Even when private plaintiffs are backed by the SEC, as in Wilson v. Merrill Lynch & Co., No. 10-1528 (2nd Cir. Decided Nov. 14, 2011), the claims have not been sustained. In that case Colin Wilson brought a class action against Merrill Lynch for those who purchased auction rate securities between March 25, 2003 and February 13, 2008. The complaint centered on allegations of market manipulation rather than nondisclosures. Plaintiffs claimed that Merrill manipulated the clearing rates — the rate set at the periodic auctions –through its supporting bids which sent a false signal to the market about the price and liquidity of the securities. As the markets began to deteriorate in the summer of 2007 Merrill prevented auction failure with its bids. By the fall however the broker began withdrawing its support from some auctions. On February 13, 2008 Merrill and all other major dealers withdrew from the ARS markets which subsequently collapsed. Prior to that time Merrill had described the markets as safe and liquid, according to the complaint.

The district court dismissed the case. That court concluded that the disclosures Merrill made regarding the markets were adequate, although Mr. Wilson purchased his securities on-line. On appeal the Second Circuit requested the views of the SEC. The agency filed a letter brief supporting reversal of the district court’s decision (here). The Circuit Court affirmed the ruling of dismissal.

Plaintiffs told the Second Circuit that Merrill’s disclosures were false and misleading because they stated that the firm may routinely submit support for individual auctions when, in fact, the broker supported every auction. In addition, the firm knew that there was insufficient investor demand and that the bids were submitted to create a false impression of demand.

The Second Circuit found there was no dispute that Merrill disclosed it routinely placed orders in the market for several purposes including too prevent auction failure. Those disclosures also stated that “the fact that an auction clears successfully does not mean that an investment in the securities involves no significant liquidity or credit risk . . “ While plaintiffs argue that in reality Merrill had a policy of placing support bids in every auction to prevent failure, the complaint is inconsistent in the view of the Second Circuit. Some allegations in the complaint support plaintiffs’ contention. Others are much more limited and qualified. These inconsistencies on this central point are critical and undercut plaintiffs’ arguments on appeal.

While plaintiffs’ also claim that Merrill knew the market was “unsustainable,” that knowledge post dates the purchase by Mr. Wilson. When read together, the allegations of the complaint “do not support the inference that Merrill knew, at the time of Wilson’s purchase, that the ARS market was certain to fail in the absence of intervention.” (emphasis original).

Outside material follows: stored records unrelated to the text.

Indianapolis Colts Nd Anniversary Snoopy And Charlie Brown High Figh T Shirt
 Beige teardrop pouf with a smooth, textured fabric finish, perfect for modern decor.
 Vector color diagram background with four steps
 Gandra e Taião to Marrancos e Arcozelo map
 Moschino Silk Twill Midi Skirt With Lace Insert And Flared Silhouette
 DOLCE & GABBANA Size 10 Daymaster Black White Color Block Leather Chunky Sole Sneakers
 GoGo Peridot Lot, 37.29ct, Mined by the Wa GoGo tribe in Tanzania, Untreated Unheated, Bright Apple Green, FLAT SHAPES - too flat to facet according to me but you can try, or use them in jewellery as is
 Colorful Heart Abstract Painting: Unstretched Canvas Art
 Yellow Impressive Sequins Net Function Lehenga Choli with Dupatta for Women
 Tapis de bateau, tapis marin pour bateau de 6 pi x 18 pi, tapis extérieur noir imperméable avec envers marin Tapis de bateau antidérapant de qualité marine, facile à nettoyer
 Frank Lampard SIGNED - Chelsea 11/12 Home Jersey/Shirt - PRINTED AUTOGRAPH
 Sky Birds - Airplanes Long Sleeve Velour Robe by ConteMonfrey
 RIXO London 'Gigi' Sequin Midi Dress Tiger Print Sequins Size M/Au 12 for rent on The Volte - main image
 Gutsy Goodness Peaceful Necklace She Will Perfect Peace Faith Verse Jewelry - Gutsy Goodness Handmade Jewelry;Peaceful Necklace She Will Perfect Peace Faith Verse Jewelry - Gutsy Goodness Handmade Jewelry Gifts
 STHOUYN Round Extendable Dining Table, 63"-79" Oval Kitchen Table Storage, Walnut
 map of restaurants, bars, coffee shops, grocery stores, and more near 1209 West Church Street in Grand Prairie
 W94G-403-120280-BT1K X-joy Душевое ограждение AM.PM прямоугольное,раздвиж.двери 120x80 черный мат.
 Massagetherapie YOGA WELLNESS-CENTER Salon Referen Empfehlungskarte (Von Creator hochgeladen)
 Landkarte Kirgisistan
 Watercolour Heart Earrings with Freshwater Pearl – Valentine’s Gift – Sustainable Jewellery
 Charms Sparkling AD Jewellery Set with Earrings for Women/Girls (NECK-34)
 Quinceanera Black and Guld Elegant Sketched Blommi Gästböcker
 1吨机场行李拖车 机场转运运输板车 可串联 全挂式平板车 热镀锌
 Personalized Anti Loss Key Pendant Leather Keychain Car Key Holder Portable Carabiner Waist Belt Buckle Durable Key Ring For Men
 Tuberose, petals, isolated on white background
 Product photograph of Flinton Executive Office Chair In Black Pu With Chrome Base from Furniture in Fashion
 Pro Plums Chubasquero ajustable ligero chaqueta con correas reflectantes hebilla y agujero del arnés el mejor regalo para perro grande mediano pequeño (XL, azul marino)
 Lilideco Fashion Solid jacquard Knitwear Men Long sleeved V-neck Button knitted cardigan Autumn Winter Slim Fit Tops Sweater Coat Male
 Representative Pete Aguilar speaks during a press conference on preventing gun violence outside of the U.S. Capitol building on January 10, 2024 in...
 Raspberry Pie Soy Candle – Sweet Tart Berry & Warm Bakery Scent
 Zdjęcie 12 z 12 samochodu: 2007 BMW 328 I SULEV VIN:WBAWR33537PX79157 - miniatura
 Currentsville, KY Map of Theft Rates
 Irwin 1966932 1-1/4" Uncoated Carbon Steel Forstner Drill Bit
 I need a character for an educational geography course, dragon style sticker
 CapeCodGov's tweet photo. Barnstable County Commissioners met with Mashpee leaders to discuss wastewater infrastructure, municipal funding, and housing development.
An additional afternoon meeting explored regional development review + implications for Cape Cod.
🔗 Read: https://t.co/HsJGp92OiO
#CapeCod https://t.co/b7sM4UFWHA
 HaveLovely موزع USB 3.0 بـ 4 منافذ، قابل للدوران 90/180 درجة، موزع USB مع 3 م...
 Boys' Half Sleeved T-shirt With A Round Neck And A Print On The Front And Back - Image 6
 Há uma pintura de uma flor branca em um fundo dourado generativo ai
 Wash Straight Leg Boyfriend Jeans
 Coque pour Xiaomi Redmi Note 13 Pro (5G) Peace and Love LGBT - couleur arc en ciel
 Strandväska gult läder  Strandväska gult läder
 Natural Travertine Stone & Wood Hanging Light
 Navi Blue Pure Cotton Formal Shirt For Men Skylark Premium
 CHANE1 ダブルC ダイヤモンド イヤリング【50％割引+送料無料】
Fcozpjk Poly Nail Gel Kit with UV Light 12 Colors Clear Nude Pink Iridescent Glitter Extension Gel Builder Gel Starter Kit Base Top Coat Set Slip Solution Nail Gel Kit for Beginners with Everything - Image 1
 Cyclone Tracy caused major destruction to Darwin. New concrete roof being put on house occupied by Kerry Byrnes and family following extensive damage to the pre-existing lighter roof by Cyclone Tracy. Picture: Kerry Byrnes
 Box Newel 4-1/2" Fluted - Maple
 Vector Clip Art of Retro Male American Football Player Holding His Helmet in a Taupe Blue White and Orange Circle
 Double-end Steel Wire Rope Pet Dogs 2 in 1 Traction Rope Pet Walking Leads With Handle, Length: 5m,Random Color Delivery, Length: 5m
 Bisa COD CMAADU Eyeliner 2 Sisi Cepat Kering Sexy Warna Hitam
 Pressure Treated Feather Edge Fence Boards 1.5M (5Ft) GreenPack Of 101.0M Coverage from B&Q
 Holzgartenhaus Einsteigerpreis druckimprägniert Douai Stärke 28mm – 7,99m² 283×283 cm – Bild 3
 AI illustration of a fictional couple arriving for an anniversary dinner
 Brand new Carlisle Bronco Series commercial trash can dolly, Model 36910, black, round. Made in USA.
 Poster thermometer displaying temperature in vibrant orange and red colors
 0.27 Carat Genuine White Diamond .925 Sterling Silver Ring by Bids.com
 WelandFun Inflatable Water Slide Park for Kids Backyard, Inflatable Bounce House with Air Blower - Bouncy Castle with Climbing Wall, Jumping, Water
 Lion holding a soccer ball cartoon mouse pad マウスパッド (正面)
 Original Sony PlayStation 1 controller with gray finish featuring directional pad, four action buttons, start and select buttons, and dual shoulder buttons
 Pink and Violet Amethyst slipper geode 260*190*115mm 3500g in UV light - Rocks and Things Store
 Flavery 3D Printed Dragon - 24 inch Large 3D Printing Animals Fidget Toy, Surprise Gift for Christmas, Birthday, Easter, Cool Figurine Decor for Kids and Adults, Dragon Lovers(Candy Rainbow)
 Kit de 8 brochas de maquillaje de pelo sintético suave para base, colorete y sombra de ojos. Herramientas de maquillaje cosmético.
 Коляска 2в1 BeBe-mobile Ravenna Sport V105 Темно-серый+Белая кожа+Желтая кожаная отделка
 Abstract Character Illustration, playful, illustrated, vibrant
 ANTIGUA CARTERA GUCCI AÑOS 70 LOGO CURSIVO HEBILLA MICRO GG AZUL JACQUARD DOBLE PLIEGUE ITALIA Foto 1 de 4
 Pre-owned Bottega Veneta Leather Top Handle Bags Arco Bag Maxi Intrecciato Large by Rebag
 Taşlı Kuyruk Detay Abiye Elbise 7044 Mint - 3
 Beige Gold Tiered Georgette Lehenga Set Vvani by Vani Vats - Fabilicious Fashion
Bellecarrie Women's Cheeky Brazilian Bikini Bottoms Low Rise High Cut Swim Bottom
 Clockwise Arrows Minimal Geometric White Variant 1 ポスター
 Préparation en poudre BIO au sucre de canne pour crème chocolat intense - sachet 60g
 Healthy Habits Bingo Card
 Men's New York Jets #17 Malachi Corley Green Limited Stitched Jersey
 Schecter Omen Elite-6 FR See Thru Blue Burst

The fact that the SEC supported plaintiffs claims did not persuade the Circuit Court to reverse the dismissal. The Commission presented two key legal propositions. First, in some circumstances disclosure can prevent a false signal from being sent to the market, thereby undercutting a market manipulation claim. Second, disclosure of a potential risk is insufficient when in fact the risk is much greater and/or is a known certainty. The Court agreed with each point. Nevertheless, it did not agree with the Commission’s conclusions. While the parties disputed the amount of deference that should be given to the views of the agency, the Second Circuit held that “we are unable to agree with the SEC’s application of the legal principles governing Merrill’s disclosures even under the generous standard of deference that Wilson urges . .. we find the complaint to be inconsistent as to how Merrill placed support bids . .. and view other allegations of the complaint as incompatible with the notions that every auction would fail in the absence of Merrill’s intervention or that Merrill knew by July 2007 that the ARS market was unsustainable.”